By: MP News Staff
The news in Mexico is all good on the tourism front in 2008. Despite widespread negative media coverage of battling drug lords and corruption, it looks like tourists aren’t being scared off. Mexico’s Secretary of Tourism expects an investment of more than $3 billion from the private sector in this industry in 2008.Sources inside the Secretary of Tourism added that the Government considers that during the six-year term of President Felipe Calderon (2006-2012), Mexico will receive investments for $20 billion to boost up tourism activity. The Government spent some $490 million during the first 11 months of 2007 in the industry.
Of this amount, $142.5 million were from the Secretary of Tourism’s programs with states and municipalities, another $108.4 million from the National Tourism Development Trust and $150 million from the Mexico Tourism Board. Those are some big numbers that even bad press may not dent.
Mexico has also begun to build programs around the unprecedented beauty and wonder of the country’s extraordinary cultural history. The Mexican government plans to spen $5 million on promoting tourism in what has been termed the Ruta Maya project.

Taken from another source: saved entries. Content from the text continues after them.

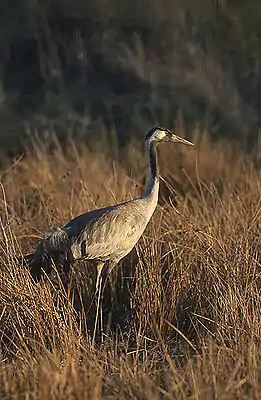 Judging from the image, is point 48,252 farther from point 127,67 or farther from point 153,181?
point 127,67

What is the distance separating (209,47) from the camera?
12641 mm

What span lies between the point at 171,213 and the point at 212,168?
353 cm

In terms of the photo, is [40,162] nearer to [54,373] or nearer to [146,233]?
[146,233]

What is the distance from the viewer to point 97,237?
218 inches

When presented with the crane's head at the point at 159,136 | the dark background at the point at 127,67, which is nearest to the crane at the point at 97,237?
the crane's head at the point at 159,136

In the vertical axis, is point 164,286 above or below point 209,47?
below

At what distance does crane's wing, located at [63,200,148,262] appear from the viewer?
5.50 metres

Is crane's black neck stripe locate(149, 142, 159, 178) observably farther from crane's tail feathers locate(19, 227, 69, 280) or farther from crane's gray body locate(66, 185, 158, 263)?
crane's tail feathers locate(19, 227, 69, 280)

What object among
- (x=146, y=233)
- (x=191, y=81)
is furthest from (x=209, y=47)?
(x=146, y=233)

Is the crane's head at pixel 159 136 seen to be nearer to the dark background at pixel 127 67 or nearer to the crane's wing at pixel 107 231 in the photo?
the crane's wing at pixel 107 231

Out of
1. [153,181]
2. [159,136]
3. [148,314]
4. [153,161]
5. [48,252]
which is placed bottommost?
[148,314]

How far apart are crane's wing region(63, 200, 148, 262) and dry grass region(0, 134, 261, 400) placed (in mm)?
125

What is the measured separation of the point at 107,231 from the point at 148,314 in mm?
701

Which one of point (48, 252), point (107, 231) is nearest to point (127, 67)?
point (107, 231) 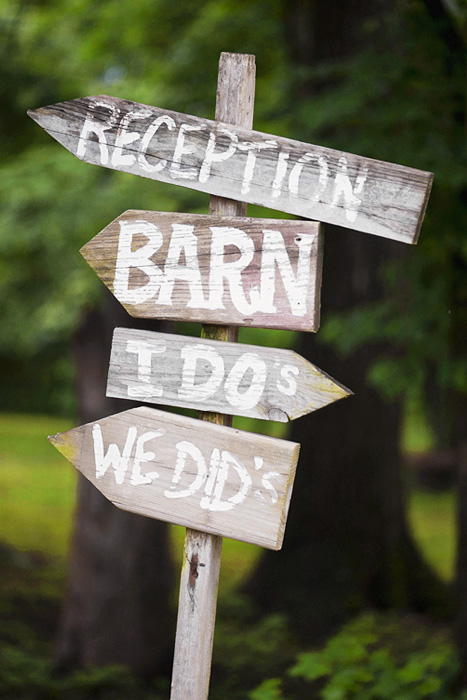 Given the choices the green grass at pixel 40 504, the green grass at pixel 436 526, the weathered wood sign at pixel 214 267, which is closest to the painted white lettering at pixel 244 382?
the weathered wood sign at pixel 214 267

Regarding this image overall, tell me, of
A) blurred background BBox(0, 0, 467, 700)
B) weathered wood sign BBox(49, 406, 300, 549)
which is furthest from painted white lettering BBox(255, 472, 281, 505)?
blurred background BBox(0, 0, 467, 700)

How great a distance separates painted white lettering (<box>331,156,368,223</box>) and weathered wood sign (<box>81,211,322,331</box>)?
0.32 feet

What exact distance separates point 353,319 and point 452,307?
2.13 ft

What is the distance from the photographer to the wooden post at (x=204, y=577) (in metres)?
2.05

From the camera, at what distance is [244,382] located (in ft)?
6.45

This encompasses a “path” that follows the steps of the Mayan people and their lasting archeological sites. The “ruta” spans across the states of Chiapas, Yucatan, Campeche and Quintana Roo. For the die hards, it also technically stretches through all of Belize and Guatemala and a portion of Honduras. A collaboration agreement with the government of Yucatan and the Mexico Tourism Promotion Board was also signed in order to develop the Mayan archeological zone into a tourist product.
Only time will tell, but it looks like 2008 will be a record-setting year for tourism in Mexico.